West Vancouver's Sentinel secondary was evacuated Tuesday afternoon when someone fooling around with a sprinkler head managed to flood an entire wing of the school. Firefighters were called to the campus at about 1 p.m.

West Vancouver's Sentinel secondary was evacuated Tuesday afternoon when someone fooling around with a sprinkler head managed to flood an entire wing of the school.

Firefighters were called to the campus at about 1 p.m. when the school's fire alarm went off. Crews arrived to find students already outside and water gushing from a sprinkler on the second floor of the east wing.

It emerged later that someone had locked a padlock on to the sprinkler head, and that when the lock's owner had gone to retrieve it, they had inadvertently triggered the system.

Firefighters quickly shut off the water and plugged the head -- only about eight minutes after it had been triggered, they estimate -- but by then several classrooms, a wood shop and an art room had already flooded to a depth of several centimetres. Water had also made its way into the walls and electrical systems, and had leaked down as far as the basement.

While students waited outside, the firefighters and maintenance staff set about containing the flood and vacuuming it up with special equipment.

Students were allowed back in to dry areas of the facility after about 45 minutes. The cleanup continued until 11 p.m.

Although firefighters initially pegged repair work in the thousands of dollars, the school district later concluded that was an overestimate.

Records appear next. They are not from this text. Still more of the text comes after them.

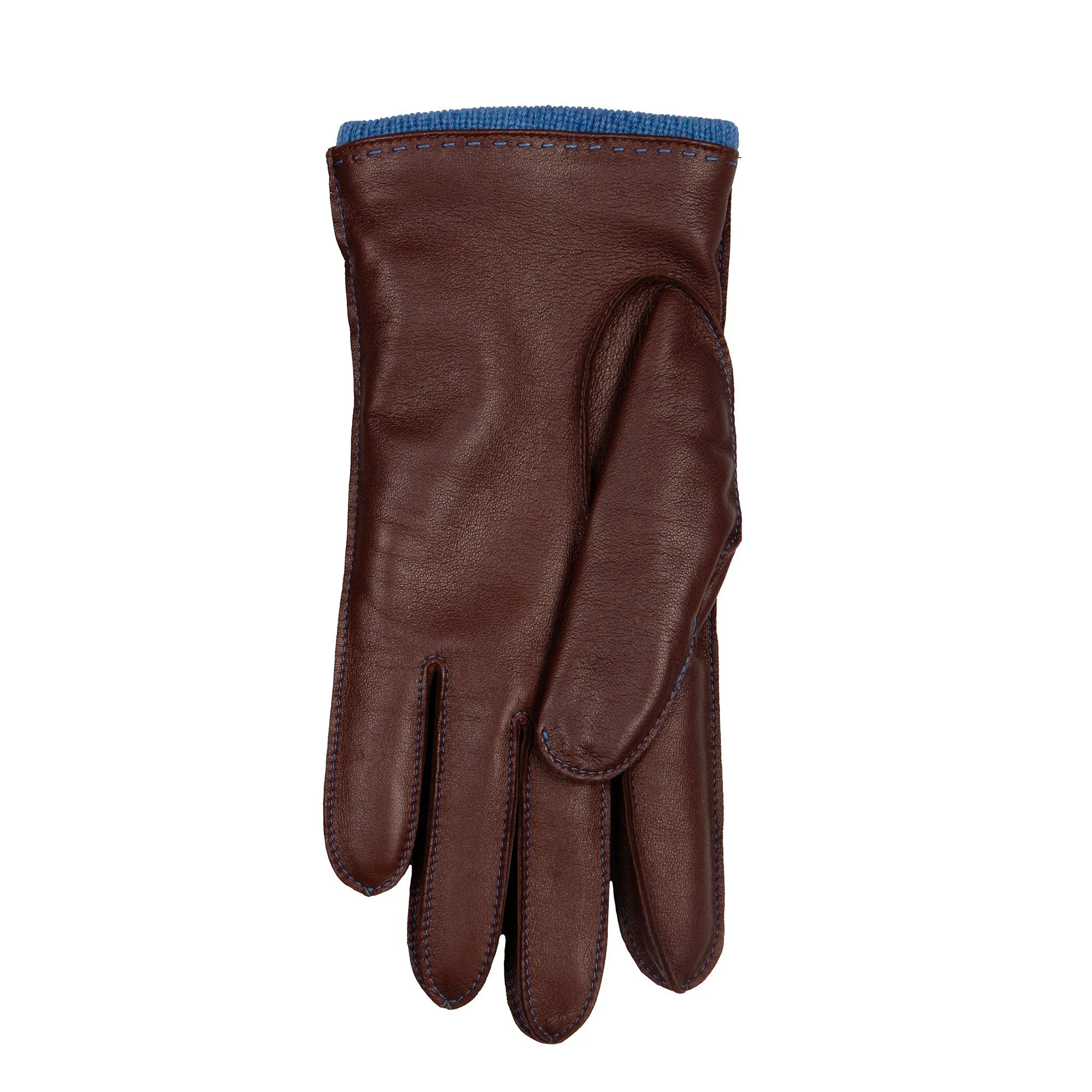 Men’s Heritage Three-Point Cashmere-Lined Leather Gloves with Colour Contrast Details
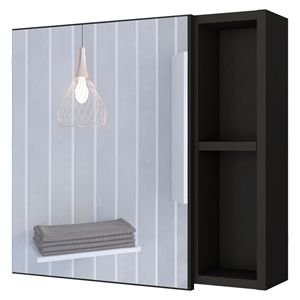 Queets armadietto dei medicinali a porta singola con due ripiani esterni e tre interni per la conservazione del bagno - Product Image 2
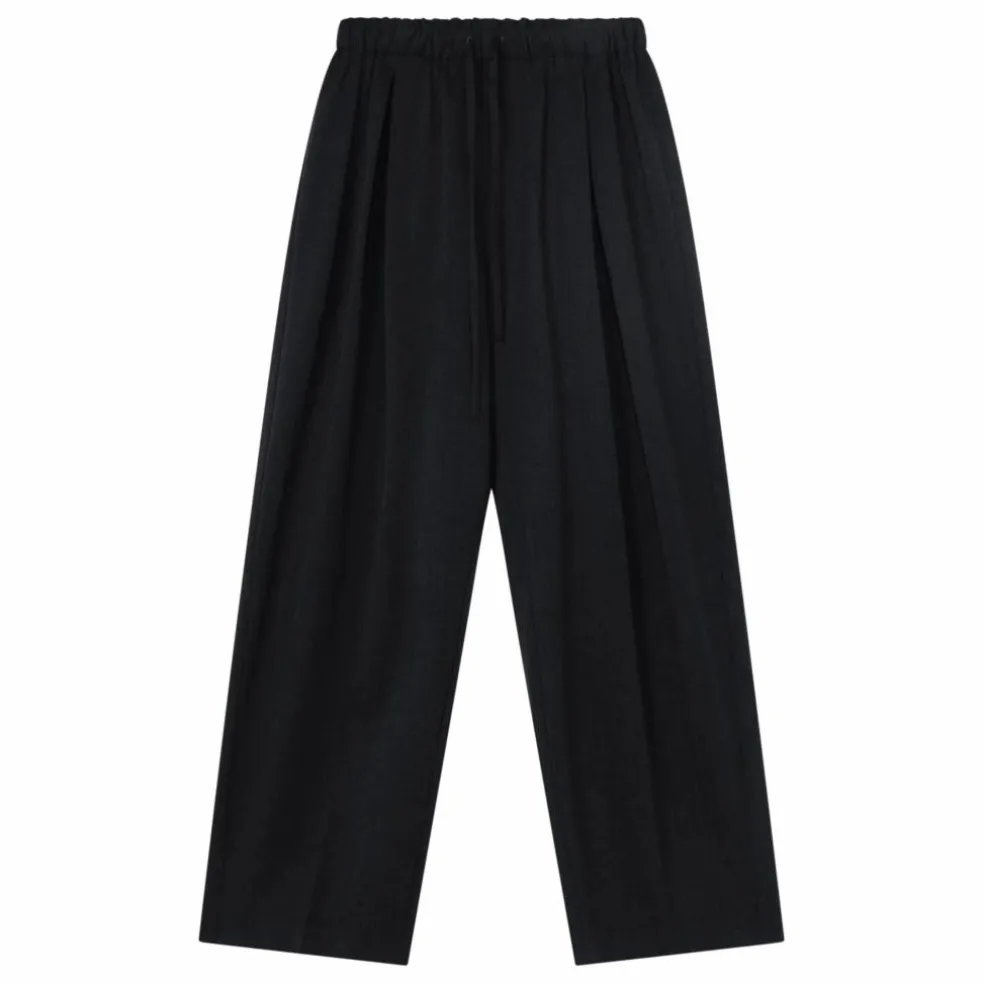 Pantalon Elastiqué Relaxed Laine Vierge | Gris anthracite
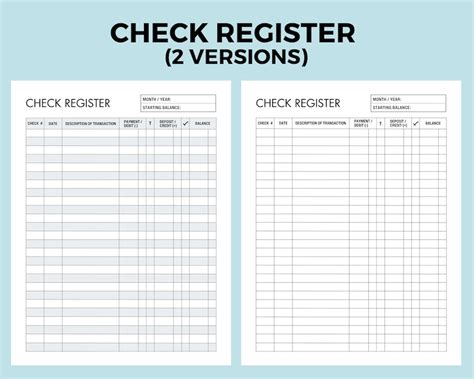 Checkbook Register Printable Check Transaction Tracker Check Ledger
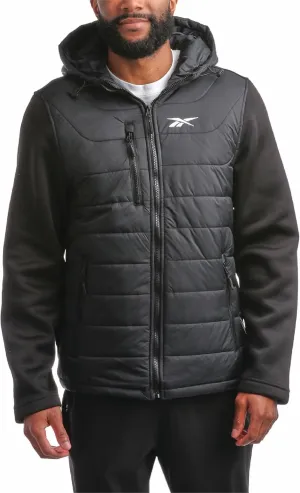 Reebok Men's Jacket - Warm Insulated Quilted Puffer Jacket with Sweater Fleece Sleeves - Hooded Outdoor Jacket for Men (M-XL)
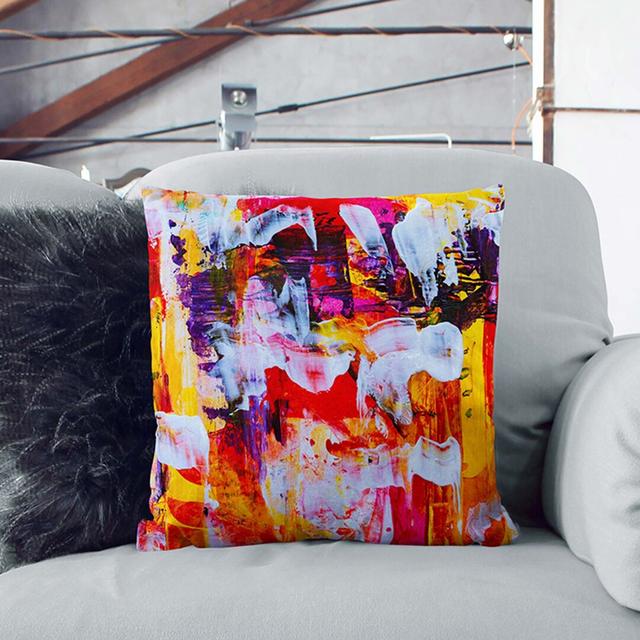 Abstract Square Throw Cushion East Urban Home Size: 55 x 55 cm, Backing Colour: Stone on Productcaster.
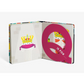 Open book with colorful illustrations on a white background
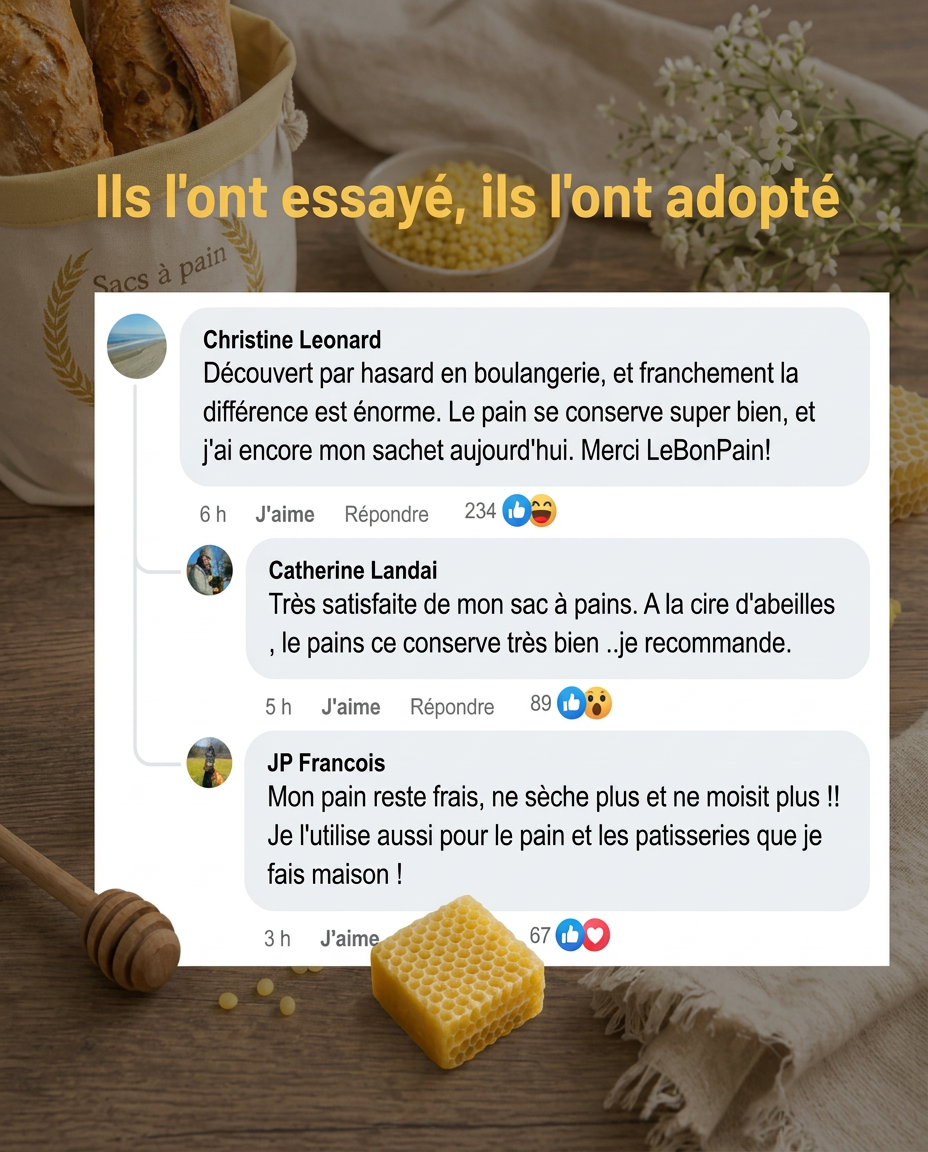 Sacs à Pain Premium — 100% Coton & Cire d'Abeille | Le Bon Pain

"It looks like really minimal damage," said superintendent of schools Chris Kennedy. "I've been told that in most of the classrooms you couldn't tell it had happened."

The affected wing was back up and running Wednesday morning.

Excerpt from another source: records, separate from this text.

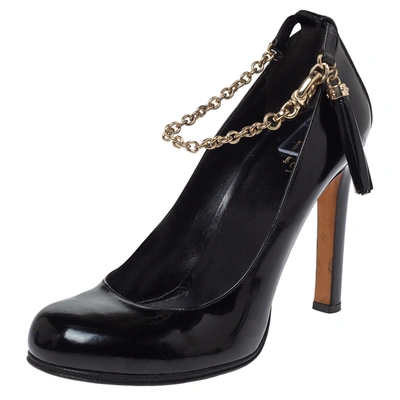 Pre-owned Gucci Black Patent Leather Ankle Strap Tassel Pumps Size 38.5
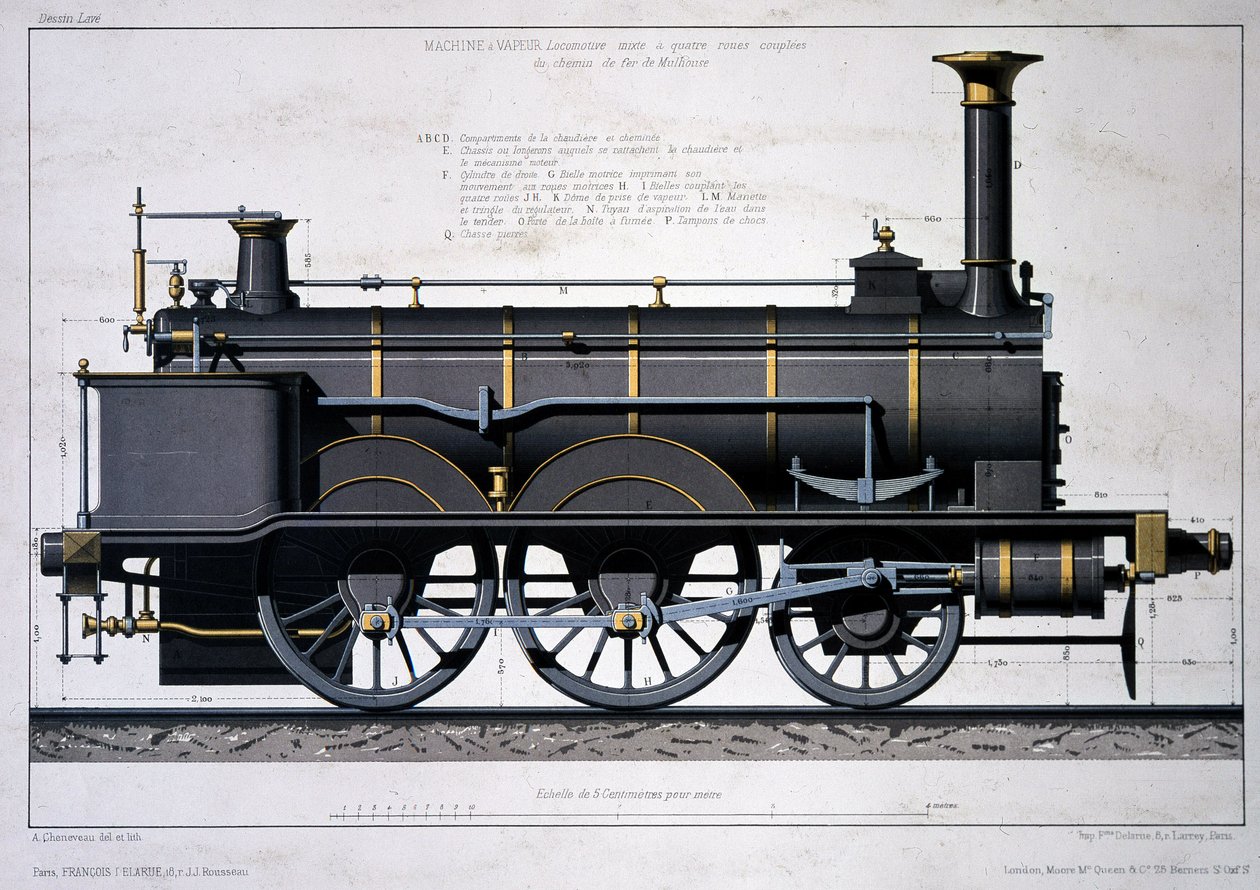 Locomotiva a vapor do Mulhouse Railway - desenho na lavagem de Unknown artist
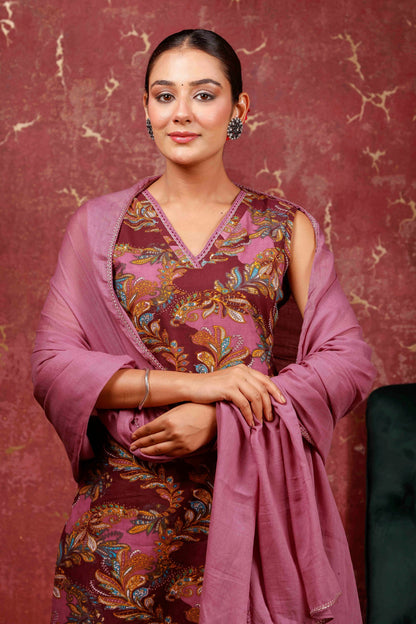 Rimeline Women Ethnic Motifs Printed Regular Pure Cotton Kurta with Trousers & Dupatta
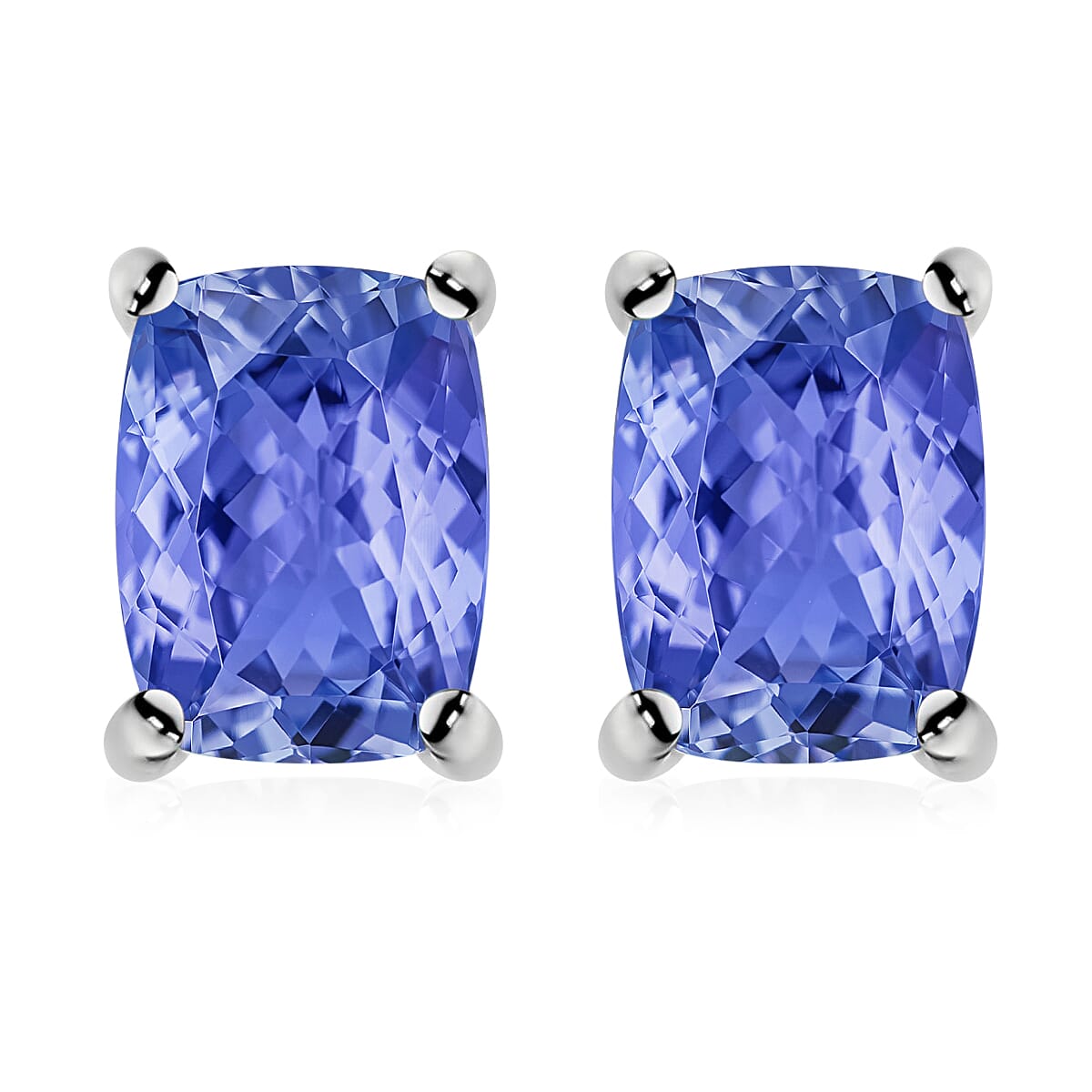 14K White Gold Tanzanite Solitaire Stud Earrings 8000463 0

The students involved came forward after the incident. Kennedy said he was satisfied the outcome was unintentional.

While firefighters frequently respond to false alarms, it's unusual for padlocks to be involved, said West Vancouver division fire chief Martin Ernst.

"I've been in the fire service 25 years, and I haven't seen that," he said. "It was a prank or practical joke that went horribly wrong."